A carbon credit is a unit of exchange that businesses, organisations and individuals can use to offset their greenhouse gas emissions.
They can be purchased to make up for carbon dioxide emissions that come from industrial production, delivery vehicles, or travel but are most often created through agricultural or forestry practices.
Environment CS Soipan Tuya acknowledged that despite Kenya being rated as one of the top countries in the carbon markets trading in Africa, there is very little transparency in terms of how this is happening on the ground.
“We want to have clear benefit sharing modalities for communities. We want to improve the carbon markets space to be of high integrity and high quality,” she said.
“This is to ensure that it can earn revenue for Kenya but also communities to benefit from their role as custodians to our forests and ecosystems."
She said the government is rallying Kenyans behind the need to conserve the ecosystems by enhancing their participation in forest management.
This, she said is by bringing the communities at the core of the country’s ecosystem management plans through incentives.

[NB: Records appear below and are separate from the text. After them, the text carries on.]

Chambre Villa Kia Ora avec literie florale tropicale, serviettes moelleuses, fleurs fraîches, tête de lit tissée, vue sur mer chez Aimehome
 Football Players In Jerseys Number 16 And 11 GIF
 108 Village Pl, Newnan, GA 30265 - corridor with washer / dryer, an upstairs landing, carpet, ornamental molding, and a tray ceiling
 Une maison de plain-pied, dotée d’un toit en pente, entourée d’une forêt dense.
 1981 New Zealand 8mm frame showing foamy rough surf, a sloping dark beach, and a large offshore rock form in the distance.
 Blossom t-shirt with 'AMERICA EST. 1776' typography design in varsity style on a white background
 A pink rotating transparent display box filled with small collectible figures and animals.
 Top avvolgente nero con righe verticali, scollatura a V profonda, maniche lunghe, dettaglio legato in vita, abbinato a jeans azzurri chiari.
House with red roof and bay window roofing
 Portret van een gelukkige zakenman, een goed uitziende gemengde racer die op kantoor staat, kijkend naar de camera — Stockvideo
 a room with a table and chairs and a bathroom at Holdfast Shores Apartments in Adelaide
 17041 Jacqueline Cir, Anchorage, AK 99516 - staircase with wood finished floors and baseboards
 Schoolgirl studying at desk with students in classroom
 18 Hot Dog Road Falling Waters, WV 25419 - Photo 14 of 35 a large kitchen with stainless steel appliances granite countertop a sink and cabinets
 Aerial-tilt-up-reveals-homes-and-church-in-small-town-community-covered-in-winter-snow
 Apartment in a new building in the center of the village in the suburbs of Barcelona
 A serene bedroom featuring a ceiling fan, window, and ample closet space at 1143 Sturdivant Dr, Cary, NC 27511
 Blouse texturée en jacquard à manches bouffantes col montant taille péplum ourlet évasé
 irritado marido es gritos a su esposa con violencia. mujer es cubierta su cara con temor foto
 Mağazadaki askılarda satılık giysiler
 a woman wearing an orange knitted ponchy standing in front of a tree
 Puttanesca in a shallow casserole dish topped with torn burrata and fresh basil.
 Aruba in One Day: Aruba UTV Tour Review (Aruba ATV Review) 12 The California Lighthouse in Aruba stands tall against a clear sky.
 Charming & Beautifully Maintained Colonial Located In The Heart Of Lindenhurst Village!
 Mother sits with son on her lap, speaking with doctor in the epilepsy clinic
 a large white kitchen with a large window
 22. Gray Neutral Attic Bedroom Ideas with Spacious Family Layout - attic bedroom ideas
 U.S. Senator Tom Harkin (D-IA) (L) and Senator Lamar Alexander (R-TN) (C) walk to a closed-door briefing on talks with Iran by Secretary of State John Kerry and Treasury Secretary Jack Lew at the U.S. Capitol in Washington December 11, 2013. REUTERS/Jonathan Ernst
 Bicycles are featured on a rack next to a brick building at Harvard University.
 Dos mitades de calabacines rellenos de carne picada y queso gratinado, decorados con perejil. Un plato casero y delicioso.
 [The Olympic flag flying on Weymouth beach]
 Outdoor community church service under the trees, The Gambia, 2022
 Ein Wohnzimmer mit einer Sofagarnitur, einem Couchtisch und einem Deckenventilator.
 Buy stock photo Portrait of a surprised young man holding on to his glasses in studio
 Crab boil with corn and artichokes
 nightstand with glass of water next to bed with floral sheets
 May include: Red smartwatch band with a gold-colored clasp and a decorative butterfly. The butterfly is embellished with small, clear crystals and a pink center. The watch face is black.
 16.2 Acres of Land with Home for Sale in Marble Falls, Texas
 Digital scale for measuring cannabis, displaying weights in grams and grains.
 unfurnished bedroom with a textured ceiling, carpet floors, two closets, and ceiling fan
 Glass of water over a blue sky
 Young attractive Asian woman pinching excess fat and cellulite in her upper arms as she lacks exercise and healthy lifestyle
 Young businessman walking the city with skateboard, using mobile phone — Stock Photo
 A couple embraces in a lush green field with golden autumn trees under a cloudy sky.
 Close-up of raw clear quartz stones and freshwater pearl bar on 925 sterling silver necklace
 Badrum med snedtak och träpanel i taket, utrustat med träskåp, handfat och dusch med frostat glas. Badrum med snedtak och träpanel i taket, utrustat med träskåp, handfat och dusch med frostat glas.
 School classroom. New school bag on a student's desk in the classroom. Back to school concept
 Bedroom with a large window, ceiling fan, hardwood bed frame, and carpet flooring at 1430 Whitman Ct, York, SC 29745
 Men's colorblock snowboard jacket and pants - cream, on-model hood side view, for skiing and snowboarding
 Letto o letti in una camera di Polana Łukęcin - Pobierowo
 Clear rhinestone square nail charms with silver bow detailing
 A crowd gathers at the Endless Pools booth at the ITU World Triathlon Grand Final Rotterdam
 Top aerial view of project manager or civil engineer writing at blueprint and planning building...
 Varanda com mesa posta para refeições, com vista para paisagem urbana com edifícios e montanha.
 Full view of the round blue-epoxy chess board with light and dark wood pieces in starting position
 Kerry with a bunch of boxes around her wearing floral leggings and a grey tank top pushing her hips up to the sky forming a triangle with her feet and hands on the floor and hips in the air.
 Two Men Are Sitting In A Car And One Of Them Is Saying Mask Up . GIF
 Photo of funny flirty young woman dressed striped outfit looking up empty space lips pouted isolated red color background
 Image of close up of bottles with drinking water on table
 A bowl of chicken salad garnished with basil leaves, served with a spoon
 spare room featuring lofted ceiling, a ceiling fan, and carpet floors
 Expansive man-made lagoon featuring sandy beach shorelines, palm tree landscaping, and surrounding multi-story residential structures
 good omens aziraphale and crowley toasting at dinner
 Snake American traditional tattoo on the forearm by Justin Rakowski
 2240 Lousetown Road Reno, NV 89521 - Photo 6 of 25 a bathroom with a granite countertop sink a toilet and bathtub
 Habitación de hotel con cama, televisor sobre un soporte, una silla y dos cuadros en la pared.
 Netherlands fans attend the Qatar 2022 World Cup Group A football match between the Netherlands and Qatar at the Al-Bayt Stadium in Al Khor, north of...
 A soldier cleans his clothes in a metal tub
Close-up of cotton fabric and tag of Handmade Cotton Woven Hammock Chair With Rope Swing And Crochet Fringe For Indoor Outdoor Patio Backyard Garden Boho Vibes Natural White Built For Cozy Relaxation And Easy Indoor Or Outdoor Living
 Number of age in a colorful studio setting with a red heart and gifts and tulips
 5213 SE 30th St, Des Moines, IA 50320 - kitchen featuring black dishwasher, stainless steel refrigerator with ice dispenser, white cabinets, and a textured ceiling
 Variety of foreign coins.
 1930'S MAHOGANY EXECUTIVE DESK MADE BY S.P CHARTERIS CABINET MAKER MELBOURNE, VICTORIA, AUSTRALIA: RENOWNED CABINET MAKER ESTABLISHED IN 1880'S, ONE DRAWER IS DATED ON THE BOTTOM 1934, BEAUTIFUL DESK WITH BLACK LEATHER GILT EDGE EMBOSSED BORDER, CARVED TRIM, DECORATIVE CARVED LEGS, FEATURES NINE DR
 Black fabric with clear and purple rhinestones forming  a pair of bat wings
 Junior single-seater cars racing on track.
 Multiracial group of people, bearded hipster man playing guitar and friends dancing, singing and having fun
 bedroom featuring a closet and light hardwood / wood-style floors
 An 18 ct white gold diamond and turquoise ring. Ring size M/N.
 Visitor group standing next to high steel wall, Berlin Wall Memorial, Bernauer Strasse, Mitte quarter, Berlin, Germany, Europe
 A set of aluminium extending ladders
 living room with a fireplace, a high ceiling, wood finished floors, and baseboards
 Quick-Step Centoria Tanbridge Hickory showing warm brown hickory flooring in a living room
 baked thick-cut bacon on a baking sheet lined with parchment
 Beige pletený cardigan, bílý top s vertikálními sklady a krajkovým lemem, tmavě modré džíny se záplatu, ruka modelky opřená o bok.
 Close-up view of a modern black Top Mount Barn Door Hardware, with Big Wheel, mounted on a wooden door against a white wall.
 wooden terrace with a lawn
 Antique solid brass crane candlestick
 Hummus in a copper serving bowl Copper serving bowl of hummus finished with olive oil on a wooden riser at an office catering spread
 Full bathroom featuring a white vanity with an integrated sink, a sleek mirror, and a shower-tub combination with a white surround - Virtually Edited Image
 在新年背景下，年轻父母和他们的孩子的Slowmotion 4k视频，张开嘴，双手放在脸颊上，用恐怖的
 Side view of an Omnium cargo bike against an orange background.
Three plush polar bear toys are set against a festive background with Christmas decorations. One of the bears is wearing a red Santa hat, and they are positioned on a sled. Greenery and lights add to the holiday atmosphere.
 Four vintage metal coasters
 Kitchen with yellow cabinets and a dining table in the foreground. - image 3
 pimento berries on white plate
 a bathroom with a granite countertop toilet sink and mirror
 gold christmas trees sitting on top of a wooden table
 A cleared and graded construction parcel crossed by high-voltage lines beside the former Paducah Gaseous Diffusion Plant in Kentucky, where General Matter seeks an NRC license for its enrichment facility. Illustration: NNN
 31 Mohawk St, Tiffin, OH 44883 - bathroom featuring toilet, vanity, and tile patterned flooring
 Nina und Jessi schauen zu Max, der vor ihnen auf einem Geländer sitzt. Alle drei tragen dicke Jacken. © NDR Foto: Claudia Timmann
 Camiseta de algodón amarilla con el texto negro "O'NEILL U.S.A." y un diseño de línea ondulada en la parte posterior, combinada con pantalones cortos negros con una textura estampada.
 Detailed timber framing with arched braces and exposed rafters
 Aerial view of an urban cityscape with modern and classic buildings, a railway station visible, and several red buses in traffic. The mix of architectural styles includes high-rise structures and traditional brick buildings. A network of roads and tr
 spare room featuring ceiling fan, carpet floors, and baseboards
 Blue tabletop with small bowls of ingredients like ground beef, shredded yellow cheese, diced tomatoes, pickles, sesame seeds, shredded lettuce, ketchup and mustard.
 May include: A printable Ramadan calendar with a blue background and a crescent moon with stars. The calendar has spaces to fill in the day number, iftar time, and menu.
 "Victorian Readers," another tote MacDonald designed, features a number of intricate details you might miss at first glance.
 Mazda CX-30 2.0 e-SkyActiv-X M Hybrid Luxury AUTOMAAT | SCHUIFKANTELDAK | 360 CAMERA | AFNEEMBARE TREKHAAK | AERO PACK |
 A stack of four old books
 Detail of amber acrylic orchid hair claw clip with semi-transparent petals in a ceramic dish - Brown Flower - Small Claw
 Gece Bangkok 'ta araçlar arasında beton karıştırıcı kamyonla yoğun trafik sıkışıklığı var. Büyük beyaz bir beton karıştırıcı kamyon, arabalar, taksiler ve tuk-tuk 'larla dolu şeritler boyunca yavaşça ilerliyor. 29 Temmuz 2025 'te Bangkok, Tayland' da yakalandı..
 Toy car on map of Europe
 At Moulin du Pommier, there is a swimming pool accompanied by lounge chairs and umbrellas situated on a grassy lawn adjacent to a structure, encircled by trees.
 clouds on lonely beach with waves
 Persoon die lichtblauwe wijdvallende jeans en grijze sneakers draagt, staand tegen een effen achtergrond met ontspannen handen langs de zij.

“When we tell hungry Kenyans to plant trees it does not make sense so we want to make Kenyans understand that there is a lot of economic value that comes with the growth of trees and ecosystem management and one of them is the carbon markets.”
According to Forestry Principal Secretary Ephantus Kimotho, the government needs Sh500 billion for its ambitious plan of planting 15 billion trees by 2032.
Kimotho said plans are underway to enhance the capacity of the Kenya Forestry Research Institute to produce more tree seedlings for the campaign.
He said counties will also play a critical role in ensuring that the campaign succeeds, adding that some 10.8 million hectares are degraded and need to be fixed.